The Miami Electronic Crimes Task Force, a U.S. Secret Service, multiagency task force in partnership with the private sector, is at the forefront of the fight against cybercrime in South Florida. This task force recognizes South Florida as an epicenter of cybercrime in the United States. South Florida has been the point of origin for infamous cyber criminals like Alberto Gonzales the mastermind of the TJX and Heartland data breach incidents, some of the largest cybercrimes in history.
Every year, the annual reports of the cyber security giants such as Symantec, Kaspersky, and the like have consistently identified two main sources of vulnerability for small businesses. First, small businesses live in a false sense of security that they are too small to be of interest to cyber criminals. Secondly, the “insider threat,” from untrained, well-meaning or outright malicious employees with network access presents a huge vulnerability for small businesses.
A National Small Business Association study found that 84 percent of small businesses today use laptops, and 74 percent use Smartphones to conduct business.

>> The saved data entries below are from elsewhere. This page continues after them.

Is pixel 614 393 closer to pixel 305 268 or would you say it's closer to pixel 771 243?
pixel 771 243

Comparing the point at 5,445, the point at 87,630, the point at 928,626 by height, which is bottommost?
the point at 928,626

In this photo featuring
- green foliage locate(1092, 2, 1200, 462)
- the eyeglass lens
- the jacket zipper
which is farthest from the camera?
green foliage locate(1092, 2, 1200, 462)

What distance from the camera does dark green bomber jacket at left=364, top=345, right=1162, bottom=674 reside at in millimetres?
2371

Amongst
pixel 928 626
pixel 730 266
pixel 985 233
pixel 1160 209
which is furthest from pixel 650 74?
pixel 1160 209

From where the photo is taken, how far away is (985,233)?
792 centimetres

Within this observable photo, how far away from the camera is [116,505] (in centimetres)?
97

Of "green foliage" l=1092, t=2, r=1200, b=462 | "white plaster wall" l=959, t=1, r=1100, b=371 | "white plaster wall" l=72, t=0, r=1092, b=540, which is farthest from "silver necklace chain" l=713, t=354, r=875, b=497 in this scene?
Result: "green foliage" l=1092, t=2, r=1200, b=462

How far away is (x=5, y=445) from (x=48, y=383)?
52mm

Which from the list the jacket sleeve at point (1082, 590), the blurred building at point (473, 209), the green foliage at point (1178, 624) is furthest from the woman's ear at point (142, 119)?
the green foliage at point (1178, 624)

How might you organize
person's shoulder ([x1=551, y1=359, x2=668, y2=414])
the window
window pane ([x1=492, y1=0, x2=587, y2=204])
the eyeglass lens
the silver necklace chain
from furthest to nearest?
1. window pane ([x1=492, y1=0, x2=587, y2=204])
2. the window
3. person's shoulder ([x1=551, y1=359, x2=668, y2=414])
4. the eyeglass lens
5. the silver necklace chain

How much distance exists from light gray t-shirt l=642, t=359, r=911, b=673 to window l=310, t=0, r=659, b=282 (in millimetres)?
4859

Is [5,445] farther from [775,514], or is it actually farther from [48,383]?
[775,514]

Approximately 44 percent of these businesses have experienced cyber-attacks. In large part, this can be attributed to a lack of awareness of their vulnerability to cybercrime — which can threaten the life of a small business. On a larger scale, even in a business with the requisite data security resources and necessary awareness, Target stores became the victim of cyber criminals on a massive scale jeopardizing both its brand and reputation.
According to the Trustwave Annual Report for 2013, it is estimated that 60 percent of small businesses, with 1 to 250 employees, that experience a major data breach of customer information will fail within 6 months. This is a sobering statistic that should challenge the false sense of security held by small businesses everywhere. Today more than ever before, cyber security must be a priority at the forefront of business decision making. A very simple, yet effective cyber security protocol a small business should follow is one that they may already be required when a small business extends credit card services as a convenience to its customers.
A consortium of credit card companies (Visa, MasterCard, American Express and Discover) created the Payment Card Industry-Data Security Standard, which was ultimately inserted into credit card service contracts to address the risk of loss from their small business clients handling and storing sensitive data connected to credit card services for the customers of these businesses. The Data Security Standard requires six simple and straightforward, yet critical, steps that all small businesses should take to protect their data:
1. Use updated network firewalls and strict secure password discipline. “Password” is not a good password.
2. Use updated Encryption to transmit and store Personally Identifiable Information (PII).
3. Use updated anti virus and spyware programs making sure to upload all available software patches.
4. PII customer data must be physically as well as electronically secure.
5. Monitor and test these security measures constantly.
6. Write and enforce constantly updated Information Policies.
Following these steps make it more difficult, and therefore, less likely that a cyber criminal will attempt an unauthorized intrusion of that small business. Following this protocol also provides a small business with a default defense to allegations of negligence regarding data security. Routine use and enforcement of this protocol provides a strong basis for the argument that the small business was acting in a reasonable manner in the handling of personally sensitive data.
David Sabot is an associate professor who has specialized in criminal justice and cyber crime at Johnson & Wales University’s College of Business in North Miami. He has also served as Staff Arbitration and Litigation Counsel for the Broward County Police Benevolent Association in Fort Lauderdale and as a practitioner in Orlando.